TASK GOAL:
Print, please, exactly the lines from the one with "a close up of" through the final line of the data below, with both ends included and the pictures left out.

STORED DATA:

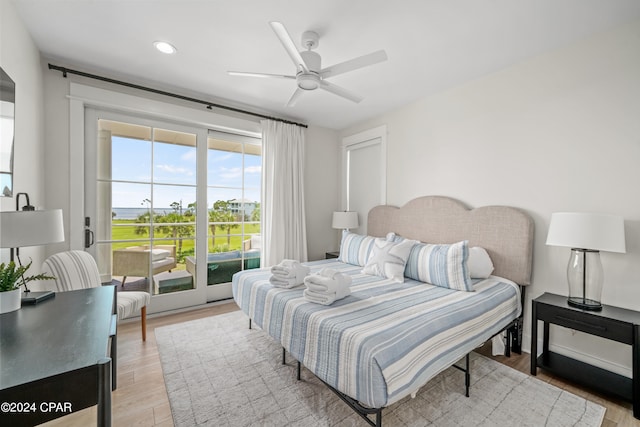 bedroom featuring light wood-type flooring, ceiling fan, and access to exterior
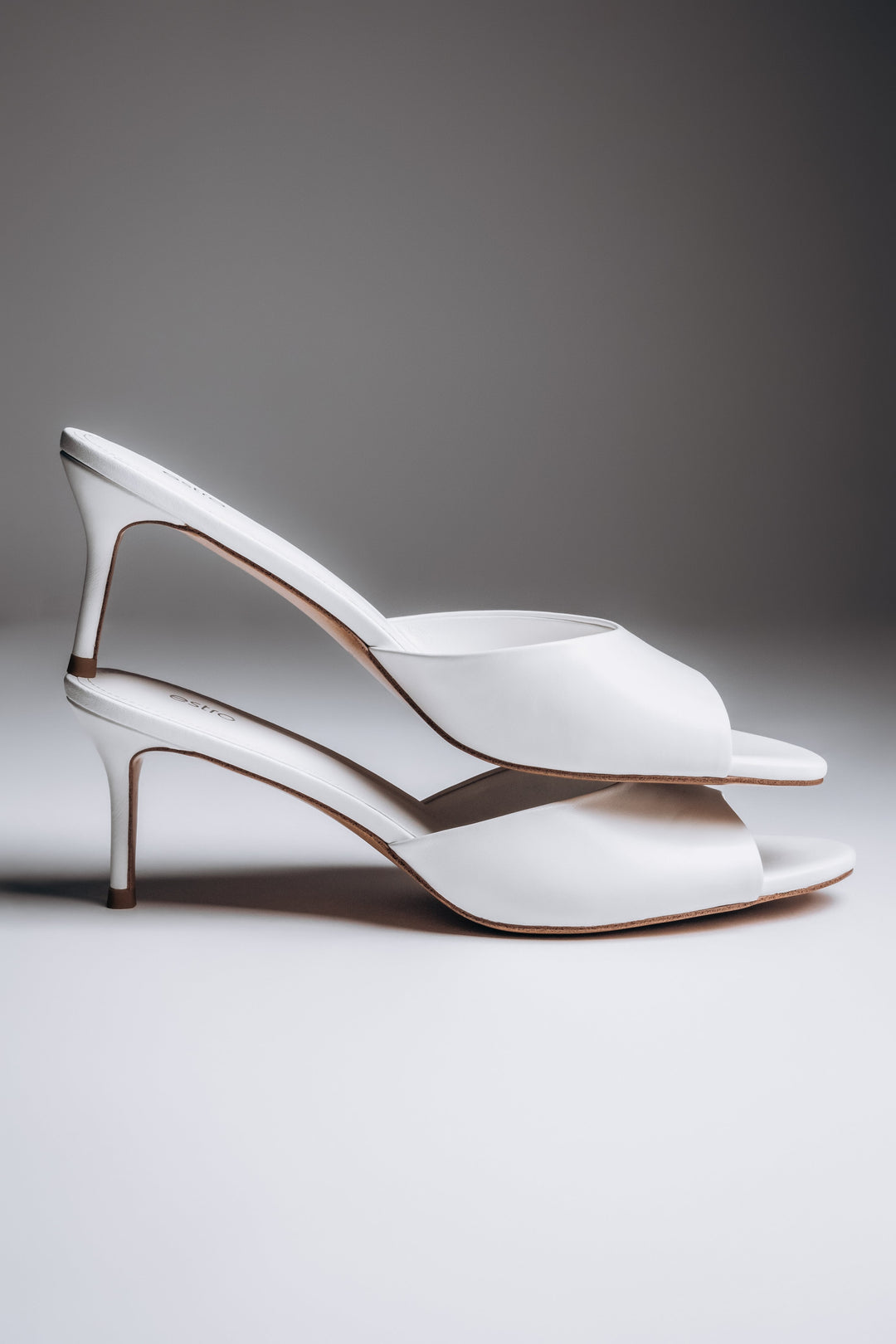 Side view of women's white leather mules with slim heel and open toe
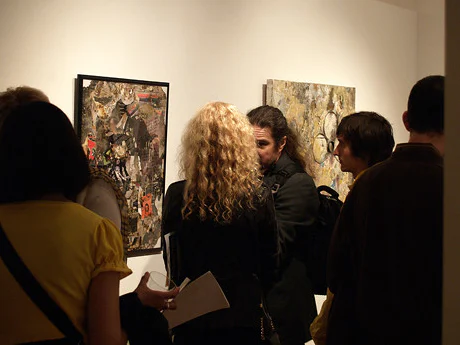 Visitors gathering in front of works at an exhibition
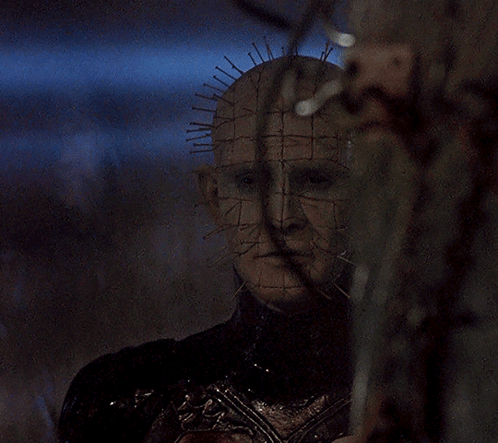 a close up of a person 's face with a grid of spikes on it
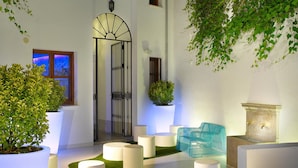A modern courtyard with a white building, a metal gate, potted plants, and white cylindrical seating. - Marquis Hotels Portago (Granada)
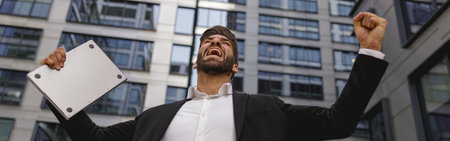 Businessman with laptop standing on office terrace and raised fist is suttisfied of finished projectの写真素材
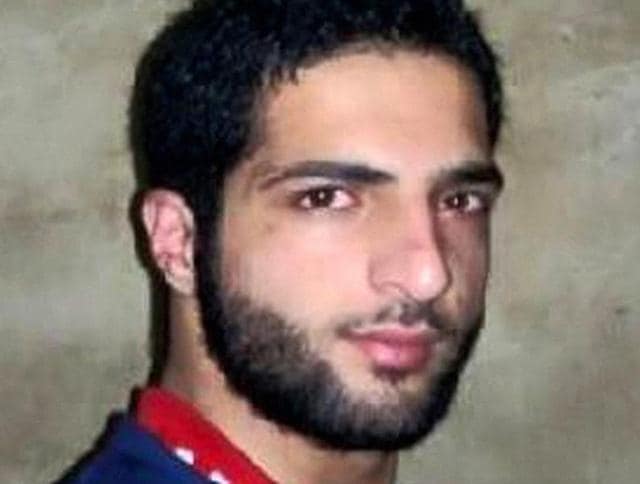 A file photo of Hizbul Mujahideen commander Burhan Wani, who was killed in an encounter in Anantnag district of south Kashmir on Friday.(PTI) A file photo of Hizbul Mujahideen commander Burhan Wani, who was killed in an encounter in Anantnag district of south Kashmir on Friday.(PTI)
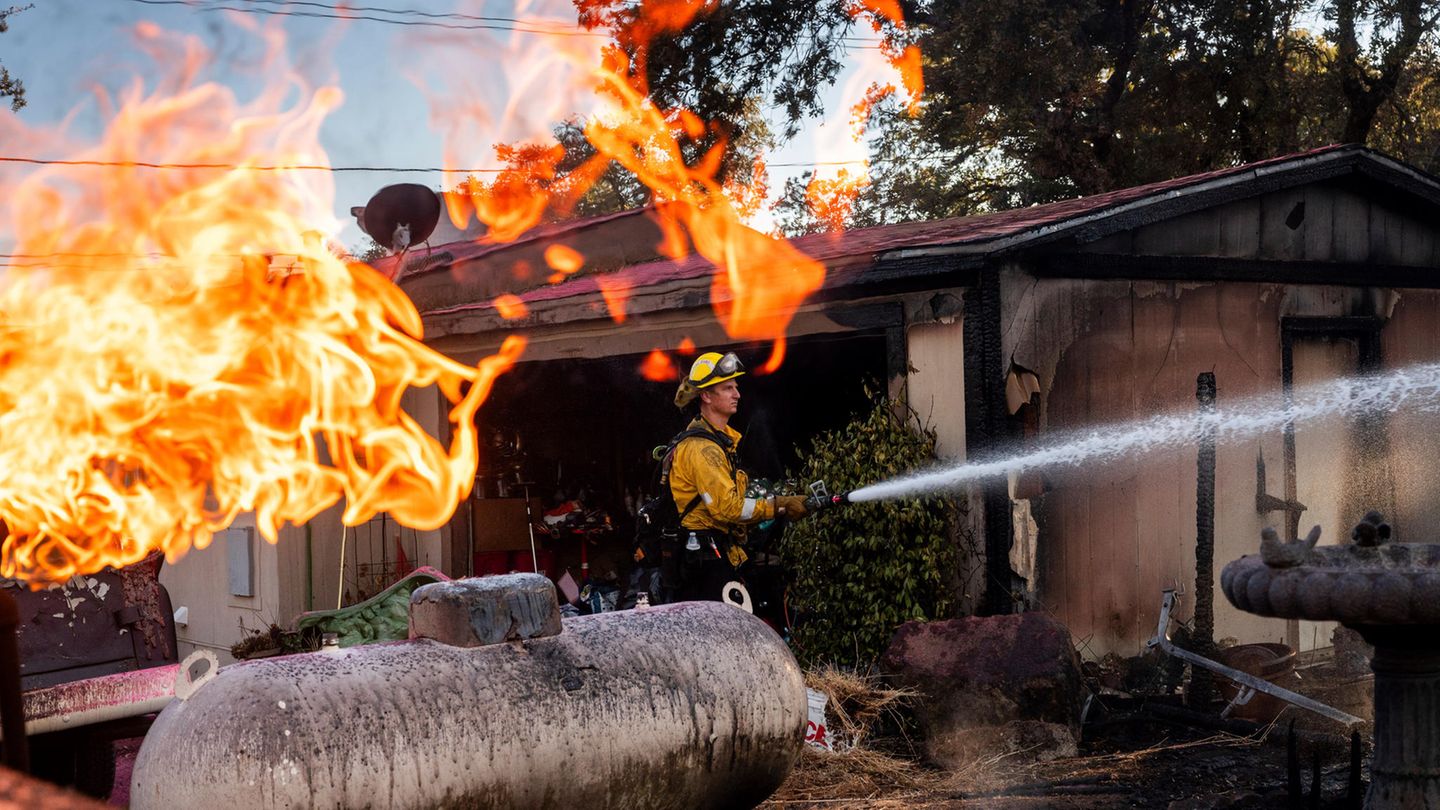 Feuerwehrmann Nolan Graham sprüht Wasser um eine verbrannte Garage, während das Boyles-Feuer in Clearlake, Kalifornien, brennt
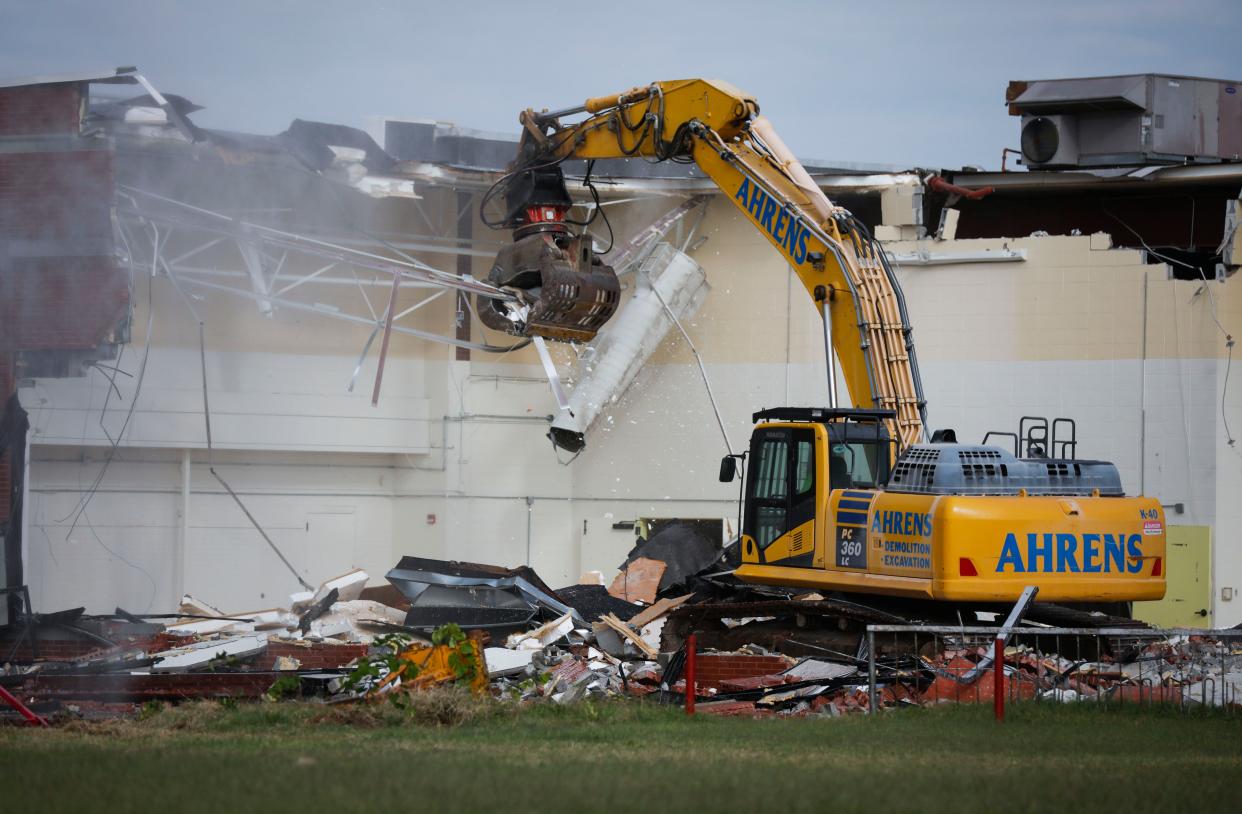 The old cafeteria and kitchen of Reed Academy was torn down Tuesday as part of a 60-day demolition. The new building will be constructed on the same campus.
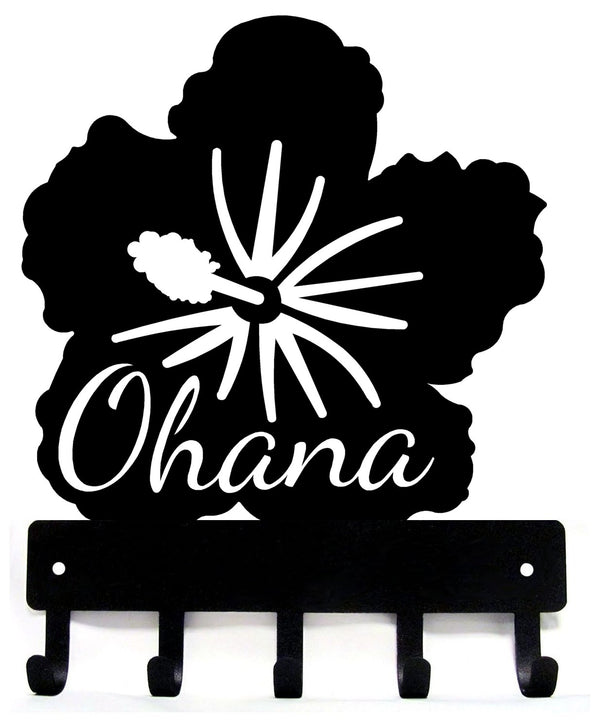 Black metal key holder with 'Ohana' text and flower design on a white background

COMPLETED EXERCISE:
 a close up of a person 's face with a grid of spikes on it
A modern courtyard with a white building, a metal gate, potted plants, and white cylindrical seating. - Marquis Hotels Portago (Granada)
 Businessman with laptop standing on office terrace and raised fist is suttisfied of finished projectの写真素材
 A file photo of Hizbul Mujahideen commander Burhan Wani, who was killed in an encounter in Anantnag district of south Kashmir on Friday.(PTI) A file photo of Hizbul Mujahideen commander Burhan Wani, who was killed in an encounter in Anantnag district of south Kashmir on Friday.(PTI)
 Feuerwehrmann Nolan Graham sprüht Wasser um eine verbrannte Garage, während das Boyles-Feuer in Clearlake, Kalifornien, brennt
 The old cafeteria and kitchen of Reed Academy was torn down Tuesday as part of a 60-day demolition. The new building will be constructed on the same campus.
 Black metal key holder with 'Ohana' text and flower design on a white background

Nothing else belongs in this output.